Mr. Doran experiences a battle with his own false consciousness when his reality is
struggling with his love for Polly. In reality, his family would look down upon a
marriage to a girl with unpolished grammar, a disreputable father, and a mother who's
boarding house was acquiring a "certain fame" (77). His false consciousness combats this
view with him claiming that grammar would not matter if he really loved her. He could not
completely despise her for her actions for he committed just as vile a deed as well. His
reality, in the form of the "memory of the celibate", reminds him that Polly lured him
into the situation (77). However, "the instinct of the celibate", warning him not to
marry her, is overpowered by his false consciousness sin. As Marx would relate, "humans
are so much the creatures of ideology that they are incapable of seeing it even when it is
pointed out to them" (Beer xxiii). Doran is such the "creature of ideology" that even
though it is evident that he has been suckered into this situation, he feels he has sinned
and will pay for it. Clearly, in reality, Joyce implies that his action was not sinful
and he should not have to pay for it with the rest of his lfie. Through the combined
images of the Sunday morning "circus-like" congregation, Mrs. Mooney's servant Mary, and
the alter-like table with the allusion of the broken bread to the body of Christ, Joyce
emphasizes how through religious aspects, people are controlled by materialism.

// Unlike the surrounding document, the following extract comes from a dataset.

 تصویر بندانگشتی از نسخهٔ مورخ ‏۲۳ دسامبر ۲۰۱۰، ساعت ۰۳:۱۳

Another economic condition that controls Mrs. Mooney's inclinations is her position as a
"determined woman" (71). Mrs. Mooney has ideas that she wishes to implement and will
eliminate every obstacle that averts her purpose. In order to get Polly "off of her
hands", she has to be manipulative in her society (76). Because society strongly
disagrees with women being butchers, or having any means to a decent income for the
matter, Mrs. Mooney is forced to take her money and upper hand position and invest in her
own business. Joyce's juxtaposition of Mr. Mooney, the "shabby stooped little drunkard",
to Mrs. Mooney, "the imposing, Madam", further elucidates Mrs. Mooney's determination to
provide Polly with a husband and desire to order her world. Echoing the Marxist creed,
the ideology of Mrs. Mooney's time is simply "the will of class made into a law for all, a
will whose essential character and direction are determined by the economic conditions of
existence of one's class" (Beer 27). Women are not allowed to have good positions with
high incomes. Their ultimate desire to acquire a husband along with their will to please
him reflects their inferior economic position. Furthermore, "their conditions of
existence are predestined, and hence have their position in life and their personal
development assigned to them by their class, become subsumed under it" (Ideology 179).
Polly is predestined to seek a husband because she's a woman and fits into the inferior
economic role.

Mrs. Mooney's role as a butcher's daughter causally effects the way she handles the quest
for Polly's mate. Being such a daugther, she has grown accustomed to preventing emotions
from interfering with her duties, and has acquired a strong, business-like attitude to all
subjective affairs. This is revealed likening marriage to a "business", negating love as
being an influential factor (Joyce 72). Neither subtle nor understanding, "she dealt with
moral problems as a clever deals with meat" (74). When Polly gets pregnant, Mrs. Mooney
fails to consider Mr. Doran's pains and jumps to the conclusion that Doran is at fault and
the two must be married at once. "Evident by the decisive expression of her great flourid
face", Mrs. Mooney is fully aware that Mr. Doran is stewing about, anxious to converse
with her on the reparation issue. Instead of taking pity on his dilemma, Mrs. Mooney
tosses all emotions aside and rigorously continues on her mission. Mrs. Mooney in turn
lives by her false consciousness by not recognizing Mr. Doran's feelings and assuming that
her actions were the only genuine ones to take.